ASSIGNMENT: Lines before the one containing "[韩国漫画] 成为人上人 剧情,OL#[198P]-187" are left out; that line and all after it, through the end of the records, must be transcribed exactly.

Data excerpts
____

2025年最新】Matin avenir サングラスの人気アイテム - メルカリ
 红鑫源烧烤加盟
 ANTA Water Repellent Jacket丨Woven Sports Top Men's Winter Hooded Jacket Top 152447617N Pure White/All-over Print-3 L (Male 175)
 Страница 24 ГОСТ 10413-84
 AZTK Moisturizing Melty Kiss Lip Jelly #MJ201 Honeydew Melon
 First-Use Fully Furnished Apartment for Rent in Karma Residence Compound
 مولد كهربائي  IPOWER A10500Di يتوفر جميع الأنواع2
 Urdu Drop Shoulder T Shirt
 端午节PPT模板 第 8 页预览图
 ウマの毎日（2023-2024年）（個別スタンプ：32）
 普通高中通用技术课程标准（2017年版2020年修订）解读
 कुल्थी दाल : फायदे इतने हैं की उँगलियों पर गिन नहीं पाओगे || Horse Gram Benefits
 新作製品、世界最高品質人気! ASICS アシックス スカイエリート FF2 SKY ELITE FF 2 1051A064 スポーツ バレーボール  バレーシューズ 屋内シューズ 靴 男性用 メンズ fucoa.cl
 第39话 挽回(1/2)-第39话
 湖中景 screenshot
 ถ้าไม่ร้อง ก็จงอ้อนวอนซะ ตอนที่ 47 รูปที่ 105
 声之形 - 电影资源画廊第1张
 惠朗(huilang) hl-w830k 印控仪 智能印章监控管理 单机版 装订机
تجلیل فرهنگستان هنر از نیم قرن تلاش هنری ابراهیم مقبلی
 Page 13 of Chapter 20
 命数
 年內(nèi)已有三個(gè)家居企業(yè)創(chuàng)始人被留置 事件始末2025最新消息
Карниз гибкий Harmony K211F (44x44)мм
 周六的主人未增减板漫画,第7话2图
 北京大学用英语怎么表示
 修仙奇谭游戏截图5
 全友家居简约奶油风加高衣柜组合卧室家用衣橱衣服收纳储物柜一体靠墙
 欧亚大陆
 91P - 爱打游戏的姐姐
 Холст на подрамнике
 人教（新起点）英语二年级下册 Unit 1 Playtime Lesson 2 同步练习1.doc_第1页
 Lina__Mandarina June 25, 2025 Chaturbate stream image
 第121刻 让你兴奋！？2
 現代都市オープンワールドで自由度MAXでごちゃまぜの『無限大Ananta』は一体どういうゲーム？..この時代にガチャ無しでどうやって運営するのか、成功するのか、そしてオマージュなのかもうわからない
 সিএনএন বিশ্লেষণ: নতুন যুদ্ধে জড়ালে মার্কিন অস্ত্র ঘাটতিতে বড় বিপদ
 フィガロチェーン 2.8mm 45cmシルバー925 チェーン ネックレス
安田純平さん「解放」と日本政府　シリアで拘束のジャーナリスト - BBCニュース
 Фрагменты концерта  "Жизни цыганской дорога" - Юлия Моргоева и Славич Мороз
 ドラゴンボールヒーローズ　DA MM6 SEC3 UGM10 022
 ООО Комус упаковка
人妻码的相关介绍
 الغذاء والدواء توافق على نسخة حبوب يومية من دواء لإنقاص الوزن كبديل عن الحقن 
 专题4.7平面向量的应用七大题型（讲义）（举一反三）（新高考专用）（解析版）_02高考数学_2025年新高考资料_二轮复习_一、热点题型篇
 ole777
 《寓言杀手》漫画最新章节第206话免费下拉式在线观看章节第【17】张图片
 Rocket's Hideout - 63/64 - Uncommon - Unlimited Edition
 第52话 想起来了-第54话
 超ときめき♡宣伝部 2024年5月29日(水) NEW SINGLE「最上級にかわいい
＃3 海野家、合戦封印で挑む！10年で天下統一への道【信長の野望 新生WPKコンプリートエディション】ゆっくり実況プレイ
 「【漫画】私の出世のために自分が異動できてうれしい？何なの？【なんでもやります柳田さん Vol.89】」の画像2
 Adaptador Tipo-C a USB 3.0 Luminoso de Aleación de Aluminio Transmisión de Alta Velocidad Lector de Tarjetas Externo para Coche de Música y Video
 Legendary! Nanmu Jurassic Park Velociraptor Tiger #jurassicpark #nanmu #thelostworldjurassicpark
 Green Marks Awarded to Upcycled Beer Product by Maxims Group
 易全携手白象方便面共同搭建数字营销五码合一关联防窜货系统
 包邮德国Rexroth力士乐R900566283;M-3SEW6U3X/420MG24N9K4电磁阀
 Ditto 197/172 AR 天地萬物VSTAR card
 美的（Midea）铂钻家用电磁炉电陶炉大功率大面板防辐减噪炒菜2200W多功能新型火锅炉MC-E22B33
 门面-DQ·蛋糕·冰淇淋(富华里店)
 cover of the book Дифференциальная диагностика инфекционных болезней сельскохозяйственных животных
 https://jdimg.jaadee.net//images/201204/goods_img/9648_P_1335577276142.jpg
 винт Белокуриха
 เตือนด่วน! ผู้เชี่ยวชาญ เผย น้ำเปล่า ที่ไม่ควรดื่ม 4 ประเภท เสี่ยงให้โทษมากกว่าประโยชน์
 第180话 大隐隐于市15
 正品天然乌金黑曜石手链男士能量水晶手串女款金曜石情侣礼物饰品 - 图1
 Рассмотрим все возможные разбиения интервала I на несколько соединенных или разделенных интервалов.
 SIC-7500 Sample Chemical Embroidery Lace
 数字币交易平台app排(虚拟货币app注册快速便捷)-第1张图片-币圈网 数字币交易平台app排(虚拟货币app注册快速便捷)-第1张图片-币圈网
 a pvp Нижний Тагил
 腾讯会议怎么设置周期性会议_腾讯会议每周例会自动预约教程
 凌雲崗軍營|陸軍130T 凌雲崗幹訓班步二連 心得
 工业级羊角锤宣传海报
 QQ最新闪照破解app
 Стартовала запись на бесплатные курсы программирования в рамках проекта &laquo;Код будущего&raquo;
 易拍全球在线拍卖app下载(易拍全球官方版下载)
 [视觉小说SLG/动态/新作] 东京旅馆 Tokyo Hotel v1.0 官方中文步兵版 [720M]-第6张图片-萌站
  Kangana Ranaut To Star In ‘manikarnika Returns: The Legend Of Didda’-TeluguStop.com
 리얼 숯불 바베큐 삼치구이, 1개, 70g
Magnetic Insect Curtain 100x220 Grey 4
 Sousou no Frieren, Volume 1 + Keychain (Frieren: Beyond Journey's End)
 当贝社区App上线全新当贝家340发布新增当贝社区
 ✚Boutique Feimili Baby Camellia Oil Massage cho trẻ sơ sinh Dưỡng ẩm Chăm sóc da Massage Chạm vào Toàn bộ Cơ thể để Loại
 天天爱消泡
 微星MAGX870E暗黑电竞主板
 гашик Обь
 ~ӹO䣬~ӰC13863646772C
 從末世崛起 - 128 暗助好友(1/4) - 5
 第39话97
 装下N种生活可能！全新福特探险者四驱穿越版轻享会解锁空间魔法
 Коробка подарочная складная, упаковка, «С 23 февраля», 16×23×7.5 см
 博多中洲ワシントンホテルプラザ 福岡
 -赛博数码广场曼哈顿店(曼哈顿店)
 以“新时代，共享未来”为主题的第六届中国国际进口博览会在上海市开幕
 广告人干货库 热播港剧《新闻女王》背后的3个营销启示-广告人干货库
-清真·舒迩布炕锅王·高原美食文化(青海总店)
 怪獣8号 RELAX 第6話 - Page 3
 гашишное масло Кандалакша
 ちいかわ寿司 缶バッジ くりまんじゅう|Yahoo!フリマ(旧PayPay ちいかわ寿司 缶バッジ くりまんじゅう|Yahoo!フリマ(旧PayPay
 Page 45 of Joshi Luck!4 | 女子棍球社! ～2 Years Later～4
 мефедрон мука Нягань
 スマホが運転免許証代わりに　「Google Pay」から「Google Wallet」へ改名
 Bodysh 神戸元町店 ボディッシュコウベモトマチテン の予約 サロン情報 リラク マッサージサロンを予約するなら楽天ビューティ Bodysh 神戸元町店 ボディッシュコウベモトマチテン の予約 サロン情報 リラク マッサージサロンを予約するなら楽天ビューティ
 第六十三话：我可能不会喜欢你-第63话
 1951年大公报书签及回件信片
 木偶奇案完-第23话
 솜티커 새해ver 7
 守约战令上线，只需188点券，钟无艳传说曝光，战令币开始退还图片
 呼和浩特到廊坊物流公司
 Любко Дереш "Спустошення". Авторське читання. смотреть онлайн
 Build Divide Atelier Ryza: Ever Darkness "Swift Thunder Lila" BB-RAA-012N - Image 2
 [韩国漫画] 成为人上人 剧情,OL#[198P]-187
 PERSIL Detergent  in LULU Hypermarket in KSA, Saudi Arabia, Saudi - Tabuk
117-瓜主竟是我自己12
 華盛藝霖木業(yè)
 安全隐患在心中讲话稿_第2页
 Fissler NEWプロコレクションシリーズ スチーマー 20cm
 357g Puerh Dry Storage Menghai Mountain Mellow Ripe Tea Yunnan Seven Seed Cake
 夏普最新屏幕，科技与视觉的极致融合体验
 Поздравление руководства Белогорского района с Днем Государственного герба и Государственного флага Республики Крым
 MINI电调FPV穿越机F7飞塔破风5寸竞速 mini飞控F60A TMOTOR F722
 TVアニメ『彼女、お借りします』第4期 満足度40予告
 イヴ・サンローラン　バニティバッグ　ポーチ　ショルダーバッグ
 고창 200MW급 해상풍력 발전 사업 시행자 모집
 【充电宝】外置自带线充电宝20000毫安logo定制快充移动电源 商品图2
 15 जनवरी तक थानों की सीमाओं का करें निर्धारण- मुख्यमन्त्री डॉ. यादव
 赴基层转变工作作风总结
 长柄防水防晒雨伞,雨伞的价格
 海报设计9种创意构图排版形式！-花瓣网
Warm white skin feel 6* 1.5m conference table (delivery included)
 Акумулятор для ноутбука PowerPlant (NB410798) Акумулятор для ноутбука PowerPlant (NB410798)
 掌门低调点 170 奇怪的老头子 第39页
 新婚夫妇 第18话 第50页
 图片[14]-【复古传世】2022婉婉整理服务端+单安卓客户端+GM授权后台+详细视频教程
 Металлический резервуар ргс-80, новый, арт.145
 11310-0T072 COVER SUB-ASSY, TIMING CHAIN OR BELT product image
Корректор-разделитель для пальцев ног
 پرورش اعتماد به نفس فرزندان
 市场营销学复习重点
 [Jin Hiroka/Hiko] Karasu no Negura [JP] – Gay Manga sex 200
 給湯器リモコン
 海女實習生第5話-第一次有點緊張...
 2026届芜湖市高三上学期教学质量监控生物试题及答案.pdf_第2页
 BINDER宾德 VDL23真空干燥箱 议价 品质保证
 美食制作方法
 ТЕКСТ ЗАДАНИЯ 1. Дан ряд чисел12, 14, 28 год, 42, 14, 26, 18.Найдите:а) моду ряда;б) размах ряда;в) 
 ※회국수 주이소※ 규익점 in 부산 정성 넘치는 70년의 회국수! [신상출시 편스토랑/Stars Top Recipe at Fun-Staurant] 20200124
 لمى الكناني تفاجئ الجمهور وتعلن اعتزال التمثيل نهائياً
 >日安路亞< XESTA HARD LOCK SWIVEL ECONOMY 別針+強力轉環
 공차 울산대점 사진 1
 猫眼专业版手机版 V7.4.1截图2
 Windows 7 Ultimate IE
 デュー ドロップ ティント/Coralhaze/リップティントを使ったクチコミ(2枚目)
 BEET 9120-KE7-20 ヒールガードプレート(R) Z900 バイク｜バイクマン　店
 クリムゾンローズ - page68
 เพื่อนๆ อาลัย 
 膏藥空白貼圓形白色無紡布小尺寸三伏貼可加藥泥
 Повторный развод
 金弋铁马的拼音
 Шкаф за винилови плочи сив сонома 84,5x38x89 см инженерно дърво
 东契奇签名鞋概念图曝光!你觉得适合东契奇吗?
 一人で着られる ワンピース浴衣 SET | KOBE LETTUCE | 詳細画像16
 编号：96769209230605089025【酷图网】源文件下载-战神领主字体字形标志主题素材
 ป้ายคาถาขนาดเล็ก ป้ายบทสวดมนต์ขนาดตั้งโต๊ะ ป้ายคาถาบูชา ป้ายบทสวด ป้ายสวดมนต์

____

WRITTEN RESPONSE:
 [韩国漫画] 成为人上人 剧情,OL#[198P]-187
 PERSIL Detergent  in LULU Hypermarket in KSA, Saudi Arabia, Saudi - Tabuk
117-瓜主竟是我自己12
 華盛藝霖木業(yè)
 安全隐患在心中讲话稿_第2页
 Fissler NEWプロコレクションシリーズ スチーマー 20cm
 357g Puerh Dry Storage Menghai Mountain Mellow Ripe Tea Yunnan Seven Seed Cake
 夏普最新屏幕，科技与视觉的极致融合体验
 Поздравление руководства Белогорского района с Днем Государственного герба и Государственного флага Республики Крым
 MINI电调FPV穿越机F7飞塔破风5寸竞速 mini飞控F60A TMOTOR F722
 TVアニメ『彼女、お借りします』第4期 満足度40予告
 イヴ・サンローラン　バニティバッグ　ポーチ　ショルダーバッグ
 고창 200MW급 해상풍력 발전 사업 시행자 모집
 【充电宝】外置自带线充电宝20000毫安logo定制快充移动电源 商品图2
 15 जनवरी तक थानों की सीमाओं का करें निर्धारण- मुख्यमन्त्री डॉ. यादव
 赴基层转变工作作风总结
 长柄防水防晒雨伞,雨伞的价格
 海报设计9种创意构图排版形式！-花瓣网
Warm white skin feel 6* 1.5m conference table (delivery included)
 Акумулятор для ноутбука PowerPlant (NB410798) Акумулятор для ноутбука PowerPlant (NB410798)
 掌门低调点 170 奇怪的老头子 第39页
 新婚夫妇 第18话 第50页
 图片[14]-【复古传世】2022婉婉整理服务端+单安卓客户端+GM授权后台+详细视频教程
 Металлический резервуар ргс-80, новый, арт.145
 11310-0T072 COVER SUB-ASSY, TIMING CHAIN OR BELT product image
Корректор-разделитель для пальцев ног
 پرورش اعتماد به نفس فرزندان
 市场营销学复习重点
 [Jin Hiroka/Hiko] Karasu no Negura [JP] – Gay Manga sex 200
 給湯器リモコン
 海女實習生第5話-第一次有點緊張...
 2026届芜湖市高三上学期教学质量监控生物试题及答案.pdf_第2页
 BINDER宾德 VDL23真空干燥箱 议价 品质保证
 美食制作方法
 ТЕКСТ ЗАДАНИЯ 1. Дан ряд чисел12, 14, 28 год, 42, 14, 26, 18.Найдите:а) моду ряда;б) размах ряда;в) 
 ※회국수 주이소※ 규익점 in 부산 정성 넘치는 70년의 회국수! [신상출시 편스토랑/Stars Top Recipe at Fun-Staurant] 20200124
 لمى الكناني تفاجئ الجمهور وتعلن اعتزال التمثيل نهائياً
 >日安路亞< XESTA HARD LOCK SWIVEL ECONOMY 別針+強力轉環
 공차 울산대점 사진 1
 猫眼专业版手机版 V7.4.1截图2
 Windows 7 Ultimate IE
 デュー ドロップ ティント/Coralhaze/リップティントを使ったクチコミ(2枚目)
 BEET 9120-KE7-20 ヒールガードプレート(R) Z900 バイク｜バイクマン　店
 クリムゾンローズ - page68
 เพื่อนๆ อาลัย 
 膏藥空白貼圓形白色無紡布小尺寸三伏貼可加藥泥
 Повторный развод
 金弋铁马的拼音
 Шкаф за винилови плочи сив сонома 84,5x38x89 см инженерно дърво
 东契奇签名鞋概念图曝光!你觉得适合东契奇吗?
 一人で着られる ワンピース浴衣 SET | KOBE LETTUCE | 詳細画像16
 编号：96769209230605089025【酷图网】源文件下载-战神领主字体字形标志主题素材
 ป้ายคาถาขนาดเล็ก ป้ายบทสวดมนต์ขนาดตั้งโต๊ะ ป้ายคาถาบูชา ป้ายบทสวด ป้ายสวดมนต์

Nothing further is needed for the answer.